Data for the task:
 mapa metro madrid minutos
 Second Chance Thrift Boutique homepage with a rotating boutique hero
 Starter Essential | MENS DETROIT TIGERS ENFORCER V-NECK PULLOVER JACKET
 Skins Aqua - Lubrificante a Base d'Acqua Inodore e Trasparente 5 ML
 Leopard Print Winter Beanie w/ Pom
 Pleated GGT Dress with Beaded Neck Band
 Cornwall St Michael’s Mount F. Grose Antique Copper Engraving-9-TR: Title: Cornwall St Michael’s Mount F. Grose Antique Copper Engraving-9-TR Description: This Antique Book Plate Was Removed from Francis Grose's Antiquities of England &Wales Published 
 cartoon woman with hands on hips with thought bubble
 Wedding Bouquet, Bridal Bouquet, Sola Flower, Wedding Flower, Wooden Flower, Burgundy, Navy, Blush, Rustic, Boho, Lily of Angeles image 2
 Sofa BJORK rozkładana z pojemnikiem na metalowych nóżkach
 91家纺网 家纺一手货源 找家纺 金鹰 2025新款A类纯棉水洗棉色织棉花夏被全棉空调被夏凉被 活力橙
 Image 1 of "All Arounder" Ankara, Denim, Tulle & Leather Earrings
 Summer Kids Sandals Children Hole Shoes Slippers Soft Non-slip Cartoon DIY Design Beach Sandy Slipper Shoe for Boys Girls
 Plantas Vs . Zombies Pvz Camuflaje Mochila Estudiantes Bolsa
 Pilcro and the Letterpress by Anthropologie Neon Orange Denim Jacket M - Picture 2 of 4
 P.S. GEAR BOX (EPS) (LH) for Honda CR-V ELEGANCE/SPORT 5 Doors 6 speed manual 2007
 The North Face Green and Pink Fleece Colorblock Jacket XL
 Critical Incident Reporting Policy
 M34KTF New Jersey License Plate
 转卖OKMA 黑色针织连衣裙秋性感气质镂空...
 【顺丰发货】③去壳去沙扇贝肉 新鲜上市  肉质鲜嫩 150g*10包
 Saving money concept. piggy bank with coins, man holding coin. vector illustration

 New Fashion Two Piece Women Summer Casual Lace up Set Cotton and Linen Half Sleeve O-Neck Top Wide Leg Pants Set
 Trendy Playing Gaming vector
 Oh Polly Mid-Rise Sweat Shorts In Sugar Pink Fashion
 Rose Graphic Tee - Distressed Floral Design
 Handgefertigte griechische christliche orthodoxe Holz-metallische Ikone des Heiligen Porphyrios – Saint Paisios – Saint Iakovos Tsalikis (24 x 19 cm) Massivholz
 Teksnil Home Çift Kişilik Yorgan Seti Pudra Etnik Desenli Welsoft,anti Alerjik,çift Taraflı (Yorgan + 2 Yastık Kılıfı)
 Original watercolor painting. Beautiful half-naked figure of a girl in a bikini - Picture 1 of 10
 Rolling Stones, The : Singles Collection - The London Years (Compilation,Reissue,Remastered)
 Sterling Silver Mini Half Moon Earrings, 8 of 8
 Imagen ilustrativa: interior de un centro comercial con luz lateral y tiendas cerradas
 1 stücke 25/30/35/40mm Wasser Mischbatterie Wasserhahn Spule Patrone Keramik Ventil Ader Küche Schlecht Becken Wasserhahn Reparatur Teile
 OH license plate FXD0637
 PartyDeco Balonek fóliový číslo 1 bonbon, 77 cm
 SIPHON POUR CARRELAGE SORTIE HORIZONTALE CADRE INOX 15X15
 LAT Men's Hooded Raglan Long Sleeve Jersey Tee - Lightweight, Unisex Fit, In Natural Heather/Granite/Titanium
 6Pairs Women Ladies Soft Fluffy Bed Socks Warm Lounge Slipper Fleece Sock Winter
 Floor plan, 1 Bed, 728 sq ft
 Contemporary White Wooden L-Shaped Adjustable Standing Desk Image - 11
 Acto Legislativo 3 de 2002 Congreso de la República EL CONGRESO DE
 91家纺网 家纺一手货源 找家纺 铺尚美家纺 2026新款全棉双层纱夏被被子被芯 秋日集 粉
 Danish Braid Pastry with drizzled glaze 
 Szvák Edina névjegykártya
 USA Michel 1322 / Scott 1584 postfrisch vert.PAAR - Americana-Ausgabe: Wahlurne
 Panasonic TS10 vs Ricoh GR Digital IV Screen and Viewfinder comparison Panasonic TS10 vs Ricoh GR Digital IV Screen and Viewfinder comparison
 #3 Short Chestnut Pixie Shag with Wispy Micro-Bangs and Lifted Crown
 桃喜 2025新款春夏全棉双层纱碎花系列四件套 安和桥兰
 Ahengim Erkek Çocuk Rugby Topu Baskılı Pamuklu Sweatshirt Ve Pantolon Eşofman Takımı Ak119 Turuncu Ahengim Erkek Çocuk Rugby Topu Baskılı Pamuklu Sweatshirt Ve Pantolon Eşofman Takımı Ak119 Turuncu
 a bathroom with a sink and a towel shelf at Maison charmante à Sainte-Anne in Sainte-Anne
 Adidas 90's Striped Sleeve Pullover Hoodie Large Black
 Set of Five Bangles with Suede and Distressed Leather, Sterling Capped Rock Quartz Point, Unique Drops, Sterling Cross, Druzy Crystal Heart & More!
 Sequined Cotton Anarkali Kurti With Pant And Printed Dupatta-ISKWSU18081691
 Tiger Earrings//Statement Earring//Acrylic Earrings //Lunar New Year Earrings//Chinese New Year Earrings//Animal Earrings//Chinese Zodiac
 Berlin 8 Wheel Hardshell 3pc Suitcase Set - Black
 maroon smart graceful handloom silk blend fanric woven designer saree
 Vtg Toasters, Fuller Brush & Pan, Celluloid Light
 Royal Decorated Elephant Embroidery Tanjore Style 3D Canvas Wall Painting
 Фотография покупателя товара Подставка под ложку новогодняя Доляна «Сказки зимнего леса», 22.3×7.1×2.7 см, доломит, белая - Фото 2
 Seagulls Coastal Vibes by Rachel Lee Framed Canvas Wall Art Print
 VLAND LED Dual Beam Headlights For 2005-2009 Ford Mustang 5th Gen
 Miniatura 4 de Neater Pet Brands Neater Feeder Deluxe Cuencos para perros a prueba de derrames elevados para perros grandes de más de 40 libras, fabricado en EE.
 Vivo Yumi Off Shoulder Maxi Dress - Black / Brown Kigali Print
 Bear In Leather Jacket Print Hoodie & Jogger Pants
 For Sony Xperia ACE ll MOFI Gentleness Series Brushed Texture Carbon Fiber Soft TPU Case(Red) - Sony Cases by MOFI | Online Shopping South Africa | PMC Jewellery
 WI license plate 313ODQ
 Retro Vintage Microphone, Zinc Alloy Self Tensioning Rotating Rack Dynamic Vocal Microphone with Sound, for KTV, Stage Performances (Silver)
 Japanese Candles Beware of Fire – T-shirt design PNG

To do: Look above for the line with "Wedding Bouquet, Bridal" and the line with "Pilcro and the". Write out those two lines and all the lines between them, exactly, and no others.

Answer to this problem:
 Wedding Bouquet, Bridal Bouquet, Sola Flower, Wedding Flower, Wooden Flower, Burgundy, Navy, Blush, Rustic, Boho, Lily of Angeles image 2
 Sofa BJORK rozkładana z pojemnikiem na metalowych nóżkach
 91家纺网 家纺一手货源 找家纺 金鹰 2025新款A类纯棉水洗棉色织棉花夏被全棉空调被夏凉被 活力橙
 Image 1 of "All Arounder" Ankara, Denim, Tulle & Leather Earrings
 Summer Kids Sandals Children Hole Shoes Slippers Soft Non-slip Cartoon DIY Design Beach Sandy Slipper Shoe for Boys Girls
 Plantas Vs . Zombies Pvz Camuflaje Mochila Estudiantes Bolsa
 Pilcro and the Letterpress by Anthropologie Neon Orange Denim Jacket M - Picture 2 of 4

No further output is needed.